### THE TASK
The lines below that include the word "large" are to be reported.

[Crawled caption data]
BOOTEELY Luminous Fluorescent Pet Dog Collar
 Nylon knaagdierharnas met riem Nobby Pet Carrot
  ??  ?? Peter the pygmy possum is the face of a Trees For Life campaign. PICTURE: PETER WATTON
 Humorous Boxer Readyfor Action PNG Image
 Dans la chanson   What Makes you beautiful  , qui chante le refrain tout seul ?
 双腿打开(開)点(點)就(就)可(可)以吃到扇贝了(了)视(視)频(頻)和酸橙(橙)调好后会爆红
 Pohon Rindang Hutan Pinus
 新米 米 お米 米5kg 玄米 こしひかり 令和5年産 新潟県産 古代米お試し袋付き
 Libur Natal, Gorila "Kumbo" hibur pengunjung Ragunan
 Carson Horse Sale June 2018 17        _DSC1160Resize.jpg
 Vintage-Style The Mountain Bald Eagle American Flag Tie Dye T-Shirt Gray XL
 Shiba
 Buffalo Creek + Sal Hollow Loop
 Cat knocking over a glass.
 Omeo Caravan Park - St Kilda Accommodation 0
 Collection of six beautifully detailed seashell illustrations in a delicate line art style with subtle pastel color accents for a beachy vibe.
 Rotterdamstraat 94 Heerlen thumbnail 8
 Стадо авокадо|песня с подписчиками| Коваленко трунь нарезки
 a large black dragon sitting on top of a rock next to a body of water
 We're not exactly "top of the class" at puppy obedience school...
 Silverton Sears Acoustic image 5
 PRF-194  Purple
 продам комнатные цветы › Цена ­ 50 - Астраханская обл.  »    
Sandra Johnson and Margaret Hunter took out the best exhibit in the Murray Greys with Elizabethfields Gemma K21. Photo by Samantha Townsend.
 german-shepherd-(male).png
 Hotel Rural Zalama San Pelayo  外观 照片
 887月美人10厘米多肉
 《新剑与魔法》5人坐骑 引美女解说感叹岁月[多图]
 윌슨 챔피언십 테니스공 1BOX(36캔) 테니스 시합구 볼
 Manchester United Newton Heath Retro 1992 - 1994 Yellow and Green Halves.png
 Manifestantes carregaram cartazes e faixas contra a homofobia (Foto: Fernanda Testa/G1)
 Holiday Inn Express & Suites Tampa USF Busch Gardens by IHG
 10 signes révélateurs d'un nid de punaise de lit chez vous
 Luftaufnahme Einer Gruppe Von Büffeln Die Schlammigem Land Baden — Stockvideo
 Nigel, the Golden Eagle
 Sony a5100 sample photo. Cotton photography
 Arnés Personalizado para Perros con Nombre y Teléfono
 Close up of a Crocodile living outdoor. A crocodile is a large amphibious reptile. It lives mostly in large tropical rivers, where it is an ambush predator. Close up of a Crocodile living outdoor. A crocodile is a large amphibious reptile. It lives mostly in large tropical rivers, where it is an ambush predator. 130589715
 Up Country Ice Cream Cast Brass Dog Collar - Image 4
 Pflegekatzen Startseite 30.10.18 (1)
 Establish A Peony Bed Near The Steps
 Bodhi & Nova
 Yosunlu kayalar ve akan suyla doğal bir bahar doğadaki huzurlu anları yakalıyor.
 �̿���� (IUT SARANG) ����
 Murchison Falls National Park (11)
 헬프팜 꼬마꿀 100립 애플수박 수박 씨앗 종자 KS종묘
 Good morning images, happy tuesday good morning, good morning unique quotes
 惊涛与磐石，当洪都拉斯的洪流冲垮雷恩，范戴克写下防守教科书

### RESPONSE AREA
 a large black dragon sitting on top of a rock next to a body of water
 Close up of a Crocodile living outdoor. A crocodile is a large amphibious reptile. It lives mostly in large tropical rivers, where it is an ambush predator. Close up of a Crocodile living outdoor. A crocodile is a large amphibious reptile. It lives mostly in large tropical rivers, where it is an ambush predator. 130589715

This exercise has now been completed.